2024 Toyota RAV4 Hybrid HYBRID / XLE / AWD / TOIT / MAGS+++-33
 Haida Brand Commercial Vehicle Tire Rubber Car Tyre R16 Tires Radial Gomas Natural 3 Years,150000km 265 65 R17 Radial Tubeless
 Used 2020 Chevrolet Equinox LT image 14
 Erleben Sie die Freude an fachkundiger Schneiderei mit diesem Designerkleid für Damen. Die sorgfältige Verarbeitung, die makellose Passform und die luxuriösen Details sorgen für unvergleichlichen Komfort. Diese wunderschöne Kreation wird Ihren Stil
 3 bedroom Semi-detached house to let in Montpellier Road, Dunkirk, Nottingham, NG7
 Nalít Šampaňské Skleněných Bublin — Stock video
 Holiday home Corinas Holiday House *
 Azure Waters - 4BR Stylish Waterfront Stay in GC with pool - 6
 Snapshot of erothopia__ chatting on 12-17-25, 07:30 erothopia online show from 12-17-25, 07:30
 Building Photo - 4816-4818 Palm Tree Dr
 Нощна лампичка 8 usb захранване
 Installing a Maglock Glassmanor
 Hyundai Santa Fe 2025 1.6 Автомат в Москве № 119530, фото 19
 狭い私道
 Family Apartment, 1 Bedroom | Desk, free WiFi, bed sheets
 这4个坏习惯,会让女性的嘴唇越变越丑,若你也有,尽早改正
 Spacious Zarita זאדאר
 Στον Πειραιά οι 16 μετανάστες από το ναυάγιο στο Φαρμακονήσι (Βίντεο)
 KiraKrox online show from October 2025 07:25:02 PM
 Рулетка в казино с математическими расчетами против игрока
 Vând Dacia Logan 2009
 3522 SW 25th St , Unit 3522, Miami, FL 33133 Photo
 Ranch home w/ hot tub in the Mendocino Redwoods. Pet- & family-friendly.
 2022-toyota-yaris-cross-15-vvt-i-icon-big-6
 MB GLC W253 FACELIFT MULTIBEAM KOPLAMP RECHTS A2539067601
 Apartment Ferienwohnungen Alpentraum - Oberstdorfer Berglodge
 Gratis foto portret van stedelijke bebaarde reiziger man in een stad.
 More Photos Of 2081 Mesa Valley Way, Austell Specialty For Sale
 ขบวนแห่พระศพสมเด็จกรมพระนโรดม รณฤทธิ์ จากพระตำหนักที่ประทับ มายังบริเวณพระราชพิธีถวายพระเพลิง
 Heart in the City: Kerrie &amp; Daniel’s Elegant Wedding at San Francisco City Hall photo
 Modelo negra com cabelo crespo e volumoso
____
• [What needs to be done]
Everything from the first line above through the line that contains "More Photos Of" should be duplicated exactly, please, and nothing beyond it.

• [Result]
2024 Toyota RAV4 Hybrid HYBRID / XLE / AWD / TOIT / MAGS+++-33
 Haida Brand Commercial Vehicle Tire Rubber Car Tyre R16 Tires Radial Gomas Natural 3 Years,150000km 265 65 R17 Radial Tubeless
 Used 2020 Chevrolet Equinox LT image 14
 Erleben Sie die Freude an fachkundiger Schneiderei mit diesem Designerkleid für Damen. Die sorgfältige Verarbeitung, die makellose Passform und die luxuriösen Details sorgen für unvergleichlichen Komfort. Diese wunderschöne Kreation wird Ihren Stil
 3 bedroom Semi-detached house to let in Montpellier Road, Dunkirk, Nottingham, NG7
 Nalít Šampaňské Skleněných Bublin — Stock video
 Holiday home Corinas Holiday House *
 Azure Waters - 4BR Stylish Waterfront Stay in GC with pool - 6
 Snapshot of erothopia__ chatting on 12-17-25, 07:30 erothopia online show from 12-17-25, 07:30
 Building Photo - 4816-4818 Palm Tree Dr
 Нощна лампичка 8 usb захранване
 Installing a Maglock Glassmanor
 Hyundai Santa Fe 2025 1.6 Автомат в Москве № 119530, фото 19
 狭い私道
 Family Apartment, 1 Bedroom | Desk, free WiFi, bed sheets
 这4个坏习惯,会让女性的嘴唇越变越丑,若你也有,尽早改正
 Spacious Zarita זאדאר
 Στον Πειραιά οι 16 μετανάστες από το ναυάγιο στο Φαρμακονήσι (Βίντεο)
 KiraKrox online show from October 2025 07:25:02 PM
 Рулетка в казино с математическими расчетами против игрока
 Vând Dacia Logan 2009
 3522 SW 25th St , Unit 3522, Miami, FL 33133 Photo
 Ranch home w/ hot tub in the Mendocino Redwoods. Pet- & family-friendly.
 2022-toyota-yaris-cross-15-vvt-i-icon-big-6
 MB GLC W253 FACELIFT MULTIBEAM KOPLAMP RECHTS A2539067601
 Apartment Ferienwohnungen Alpentraum - Oberstdorfer Berglodge
 Gratis foto portret van stedelijke bebaarde reiziger man in een stad.
 More Photos Of 2081 Mesa Valley Way, Austell Specialty For Sale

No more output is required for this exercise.